In using the terms “liberal” and “conservative,” I do not intend to denote a political outlook, but a procedural relationship between the jurist and the constitutional text. A “conservative” method of analysis is one in which the jurist’s interpretive range of motion is constrained by a strict formal rule (or set of rules) governing constitutional construction. A “liberal” approach is one in which the jurist’s discretion is not subject to a strong limiting principle. In practice, with very few exceptions, both liberals and conservatives use the text of the Constitution as their relevant point of departure. But they diverge in the process of ascribing meaning to the various provisions under consideration. Specifically, liberals and conservatives disagree over what contextual meaning should obtain for a given constitutional provision (i.e., original or contemporary meaning) and what additional sources of authority may properly be invoked to shed light on a given question (i.e., anything from The Federalist to “the prevailing values of the community” to current social science research).
Of course, there is no necessary connection between the constitutional approach that is employed, whether liberal or conservative, and the substantive political outcome that follows. For example, one could adopt a liberal approach to constitutional interpretation in the service of a politically conservative substantive outcome. This is precisely what happened in Lochner v. New York (1905) and similar cases from the so-called Lochner era: the Supreme Court, invoking the doctrine of “substantive due process” (a notoriously open-ended principle), invented a right not explicitly provided by the text of the Constitution (“the right to contract”) to invalidate a state statute restricting certain labor practices. Even earlier in American history, shortly after the ratification of the Constitution itself, Justice Chase argued in Calder v. Bull (1798) that a jurist could properly invoke principles of natural law as an interpretive supplement in constitutional adjudication. This unlimited (and therefore “liberal”) approach could very well yield results attractive to political conservatives. Conversely, “conservative” methods of constitutional interpretation can yield results desirable to political liberals. Justice Antonin Scalia, perhaps the most ardent and well-known defender of originalist textualism, concluded in Texas v. Johnson (1989) that fidelity to his constitutionally “conservative” approach required the invalidation (on First Amendment grounds) of a state statute that banned the burning of the American flag.
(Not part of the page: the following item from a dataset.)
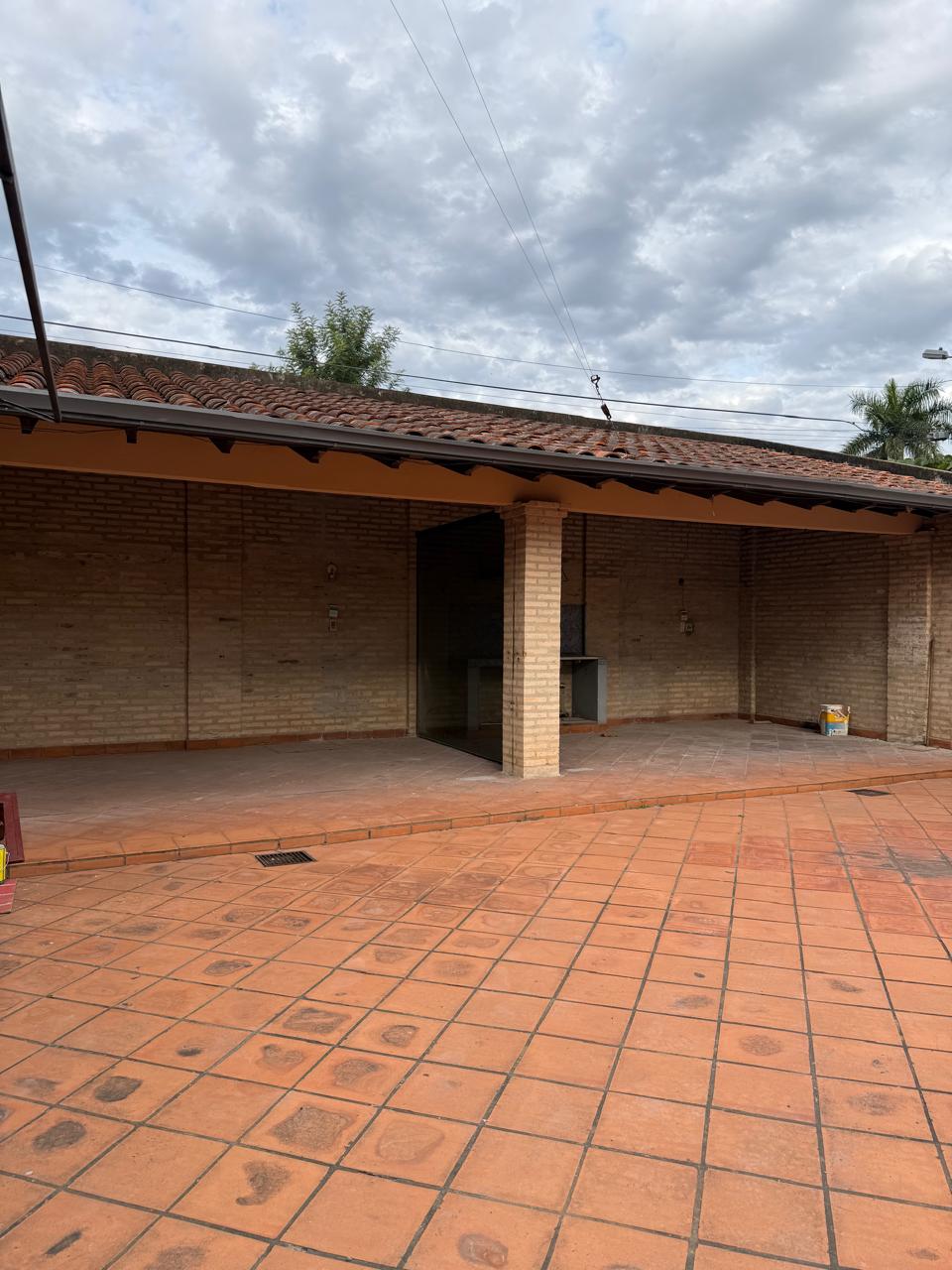Alquilamos en San Lorenzo esta casa ubicada en el Barrio San Isidro — foto 2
Because of its defining feature — the requirement that constitutional provisions be construed according to their original meaning — originalist textualism is profoundly affected by advances in science and technology. In cases and controversies in which such advances are centrally involved, originalist jurists are required to discern and apply temporally fixed concepts to circumstances and possibilities that could never have been contemplated by the authors of the Constitution. This collision of fixed meaning and novel realities born of technological progress stands to force a “crisis of construction,” where fidelity to originalist textualism is greatly complicated or costly, and in some cases yields politically undesirable or untenable results.
This crisis can take at least three forms. First, there are crises of application, in which the original meaning of the constitutional provision is clear, but technological advances tempt the jurist to depart from this meaning, since doing so would yield a politically desirable result. Second, there are crises of premises, where the original meaning of the clauses in question is once again clear, but where technological developments undermine the factual premises and assumptions that underlie that original meaning, leading to anomalous and unintended political consequences. Finally, there are crises of meaning, in which it is unclear whether a particular word or phrase of a given constitutional provision contemplates a new activity or concept that only new technology makes possible.
By examining the nature of these crises, and reflecting on the capacity of originalist textualism to resolve them within its own self-imposed limiting principles, we can perhaps learn something in general about how technological innovation can affect constitutional interpretation. And we can consider whether an originalist approach to the Constitution is still feasible or sensible in an age when judges routinely confront complex questions at the intersection of technology and law.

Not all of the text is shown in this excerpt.